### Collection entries
====
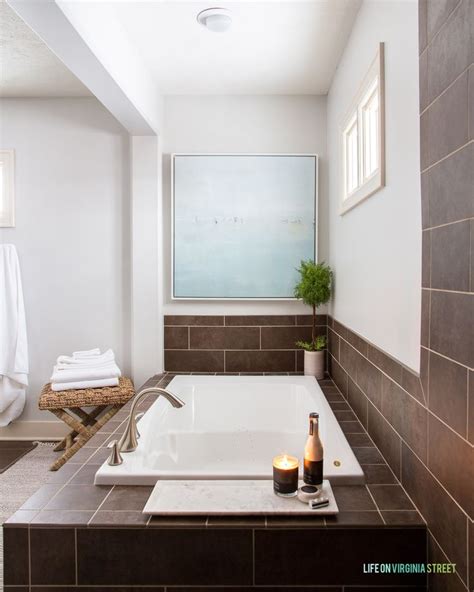 How To Make Your Bathroom Feel Like A Spa Spa Bathroom Decor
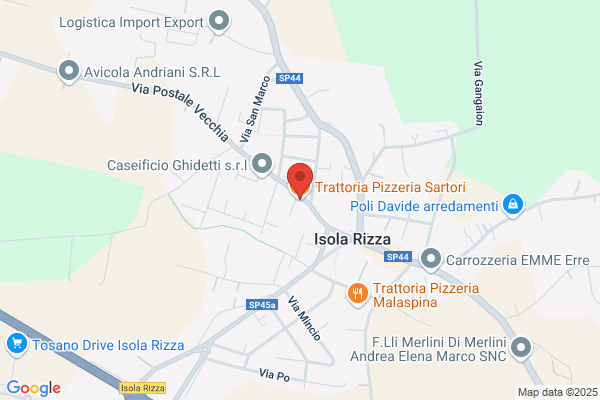 Trattoria Pizzeria Sartori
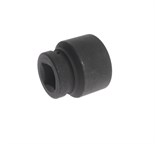 JTC-845846 - Головка торцевая 1" 46мм ударная L=64мм JTC -  
Изготовлена из высококачественной хром-молибденовой стали.  
6 граней, метрический размер. 
Размер: 1&quot;х46 мм. 
Длина: 64 мм.  
Габаритные размеры: 80/75/75 мм. (Д/Ш/В)  
Вес: 921 гр. JTC-845846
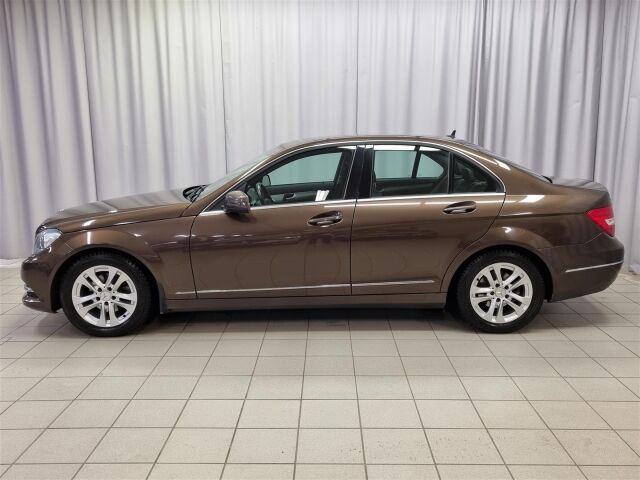 MERCEDES-BENZ C 2013 180 BE A Premium Business Avantgarde / Koukku / Tutka / M-Lämmitin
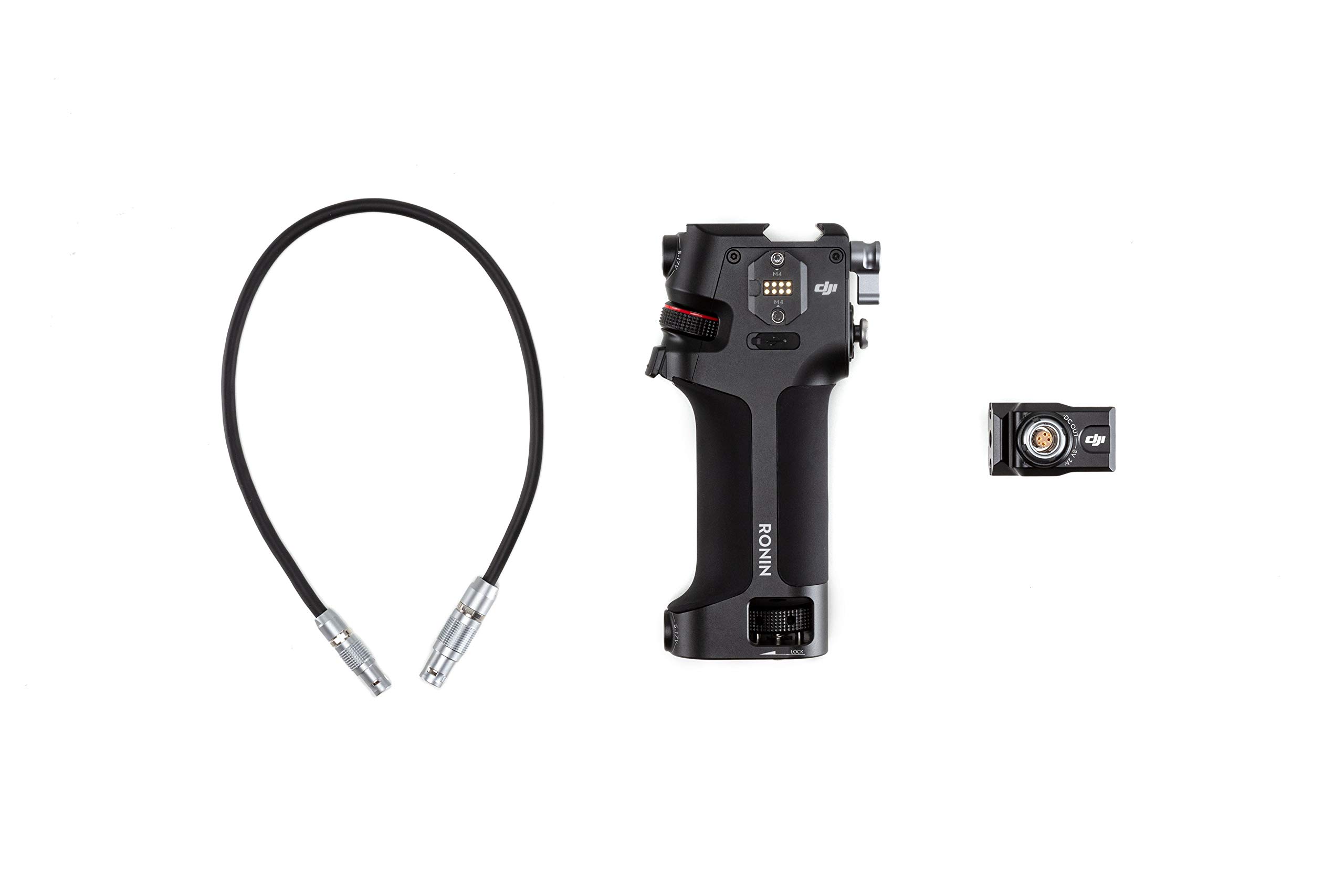 

Tethered Control Handle for DJI Ronin RS 2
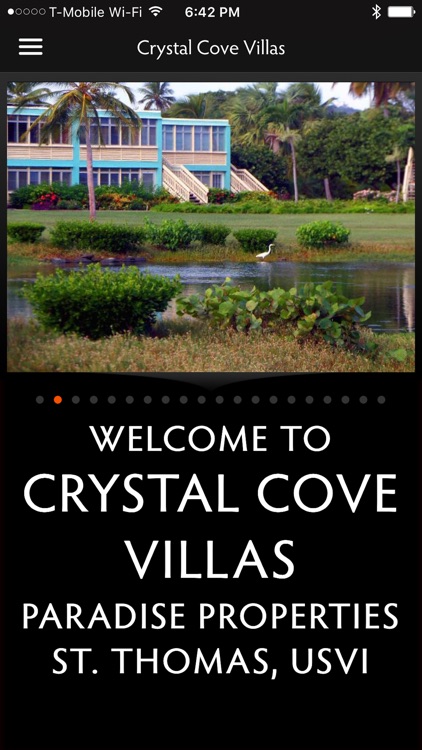 Crystal Cove Villas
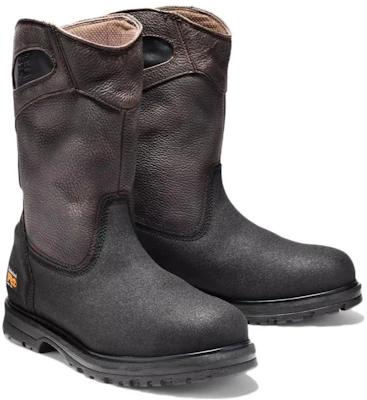 Boot Kerja Anti Selip Timberland 'Hitam Cokelat' 53522210 Order Boot Kerja Anti Selip Timberland 'Hitam Cokelat' 53522210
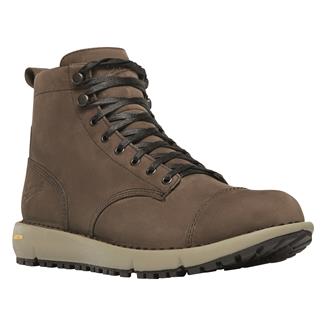 Men's Danner Logger 917 Cap Toe GTX Boots Bracken Cap Toe
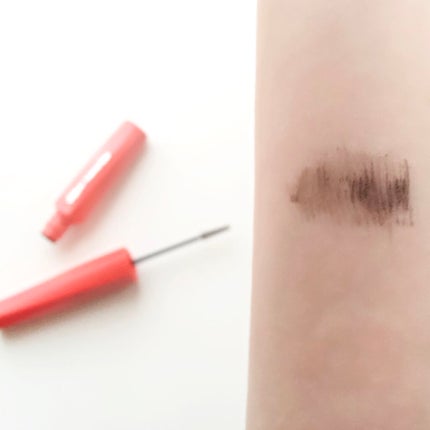 フィルム眉カラー/デジャヴュ/眉マスカラを使ったクチコミ(3枚目)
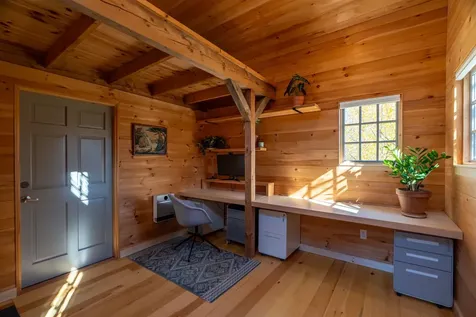 296 West Hill Road Lincoln VT 05443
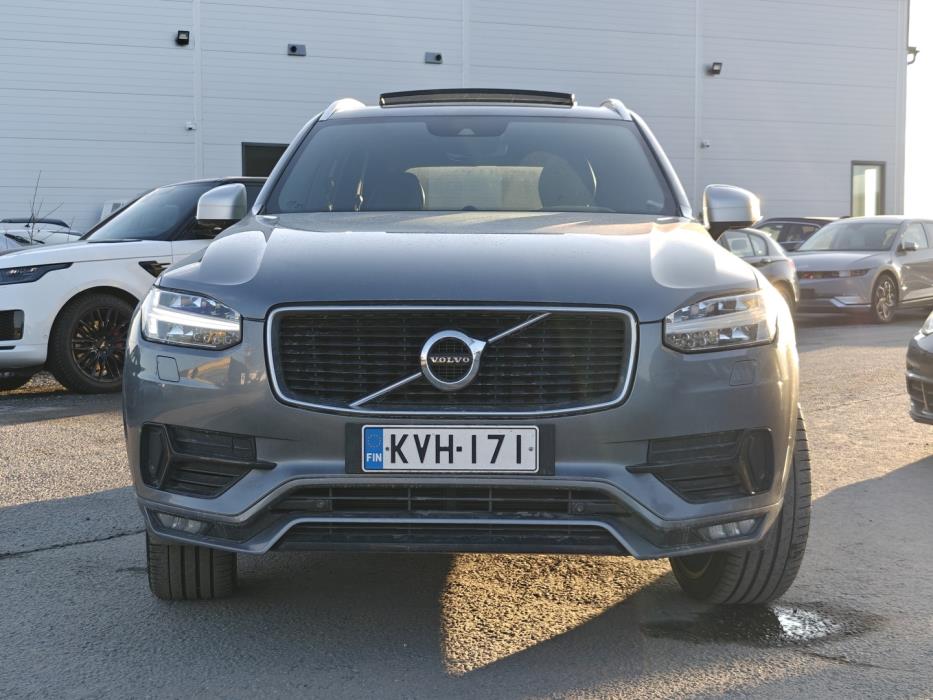 VOLVO XC90 2017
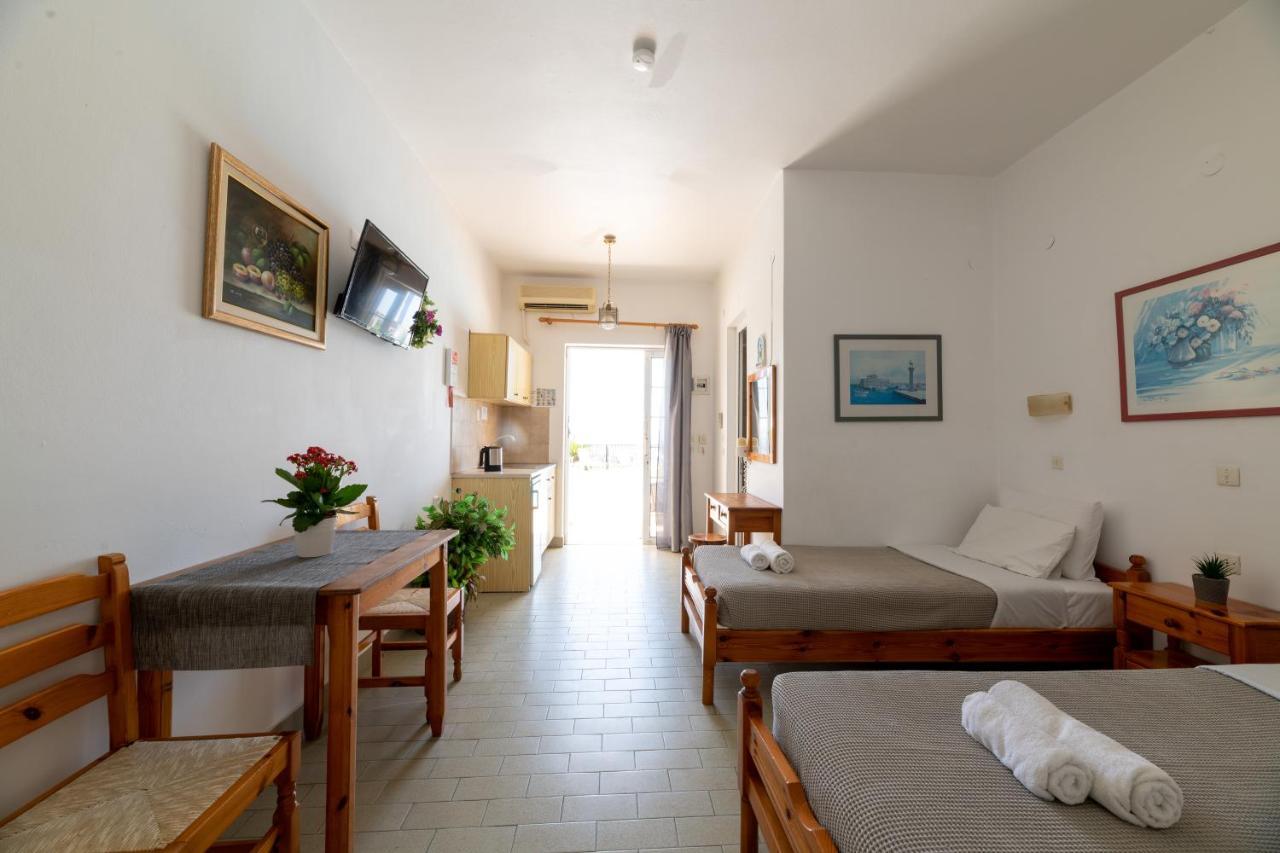 Pefkos View Apartments Pefki Kültér fotó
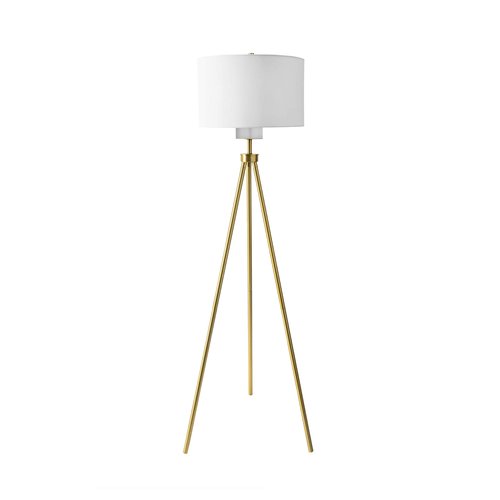 nuLOOM Wales 66" Metal Floor Lamp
====
### What to produce
Write out the records above once more, word for word, with no pictures.

### Reply to the task
 How To Make Your Bathroom Feel Like A Spa Spa Bathroom Decor
 Trattoria Pizzeria Sartori
 JTC-845846 - Головка торцевая 1" 46мм ударная L=64мм JTC -  
Изготовлена из высококачественной хром-молибденовой стали.  
6 граней, метрический размер. 
Размер: 1&quot;х46 мм. 
Длина: 64 мм.  
Габаритные размеры: 80/75/75 мм. (Д/Ш/В)  
Вес: 921 гр. JTC-845846
 MERCEDES-BENZ C 2013 180 BE A Premium Business Avantgarde / Koukku / Tutka / M-Lämmitin

Tethered Control Handle for DJI Ronin RS 2
 Crystal Cove Villas
 Boot Kerja Anti Selip Timberland 'Hitam Cokelat' 53522210 Order Boot Kerja Anti Selip Timberland 'Hitam Cokelat' 53522210
 Men's Danner Logger 917 Cap Toe GTX Boots Bracken Cap Toe
 フィルム眉カラー/デジャヴュ/眉マスカラを使ったクチコミ(3枚目)
 296 West Hill Road Lincoln VT 05443
 VOLVO XC90 2017
 Pefkos View Apartments Pefki Kültér fotó
 nuLOOM Wales 66" Metal Floor Lamp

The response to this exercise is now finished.